Réforme des retraites: que risquent les syndicalistes qui coupent le courant pour protester?

La CGT Énergie a décrété ce jeudi "journée de la sobriété énergétique". Des employés occupent des centrales de production d'électricité un peu partout en France, notamment à Saint-Ouen où les salariés ont notamment coupé le courant au Stade de France.
Depuis quelques jours ces coupures de courant se multiplient en protestation à la réforme des retraites. De la permanence du président du Sénat Gérard Larcher dans les Yvelines à la ville d'Annonay en Ardèche la commune du ministre du Travail Olivier Dussopt en passant par des territoires dans le Pas-de-Calais, le centre de Lyon, des préfectures du sud ouest comme à Albi ou Périgueux… Au total ce sont plusieurs milliers de résidents qui ont été touchés par ces délestages qui ne durent en général pas plus de deux heures.

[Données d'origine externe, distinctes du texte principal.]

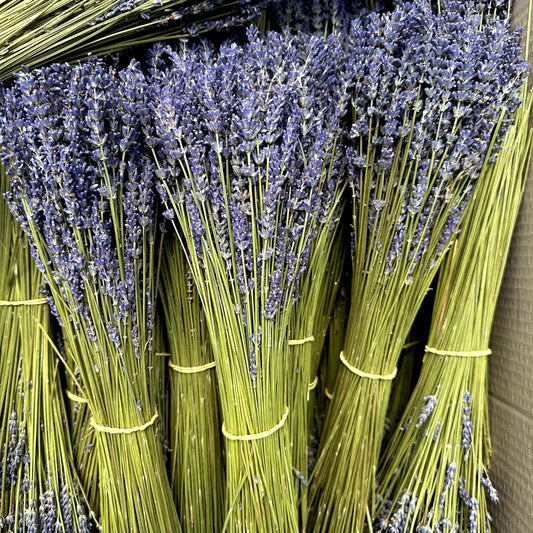 Mazzo lungo di lavanda secca blu, elegante e profumato, perfetto per bouquet, decorazioni floreali e profumatori naturali per la casa.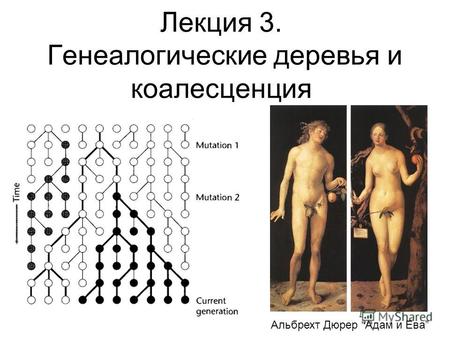 Лекция 3. Генеалогические деревья и коалесценция Альбрехт Дюрер Адам и Ева.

Des actions qui pourraient même s'amplifier. Sébastien Menesplier, le secrétaire général de la CGT Mines-Énergies, a prévenu que des coupures ciblées, des baisses de production d'électricité et des occupations de site devraient se multiplier ces prochaines semaines. Selon le syndicat, ce type d'action ne serait pas illégal.
De 1500 à 30.000 euros d'amende
Un point de vue que ne partagent pas les juristes spécialistes de droit social qui pointent deux types de menaces pour les auteurs de ces coupures. Des sanctions disciplinaires et pénales.
Sur le volet disciplinaire, les salariés qu’ils soient employés par le distributeur Enedis ou le gestionnaire de réseau RTE s’exposent à un licenciement pour "faute grave". Mais ils encourent aussi des poursuites pénales.
L’article R323-37 du Code de l’énergie punit en effet d’une contravention de 5ème classe, soit 1500 euros, "toute personne non autorisée par le gestionnaire du réseau qui manœuvre un élément ou actionne un dispositif sur le réseau."
Toute la question de l'interprétation juridique est de savoir si les salariés concernés peuvent être considérés comme "non autorisée par le gestionnaire du réseau".
Mais les sanctions peuvent être encore plus lourdes si les auteurs sont accusés de dégradation. Un délit pour lequel le code pénal prévoit jusqu’à deux ans de prison et 30.000 euros d’amende. A priori, aucune dégradation n'aurait été constatée sur les installations.
Enedis a en tout cas annoncé qu’ils avaient déposé des plaintes comme ils le font à chaque fois que des "coupures sauvages" sont signalées.
Des auteurs difficilement identifiables
Mais dans les faits, les auteurs sont très rarement sanctionnés. La difficulté pour la Justice est d’identifier les auteurs qui agissent généralement cagoulées et évitent les caméras de vidéosurveillance.
La controverse peut aussi porter sur la définition de ces actes. Les coupures sont-elles rattachables au droit de grève ou en sont-elles exclues? Sur ce point la justice semble avoir tranché. En 2006 par exemple, la cour d’appel de Versailles avait confirmé la condamnation de la CGT à une peine d’amende pour des "coupures sauvages" de gaz et d’électricité remontant en 1998.
Reste enfin la question du mode opératoire qui peut avoir une influence sur la sanction potentielle. Le 28 février dernier, quatre salariés de RTE ont ainsi comparu devant la Tribunal correctionnel de Paris sur des motifs d'"entrave, sabotage et introduction frauduleuse de données" dans le système informatique du gestionnaire de réseau électrique.
Dans le contexte d'un mouvement de grève à l'été dernier, ces salariés avaient interrompu depuis un ordinateur les communications entre le centre de pilotage parisien et 14 postes en région. Ce qui avait donné suite à une enquête de la DGSI qui les soupçonnait de cyberattaque. Ils encourent jusqu'à 15 ans de prison avec ce chef d'accusation.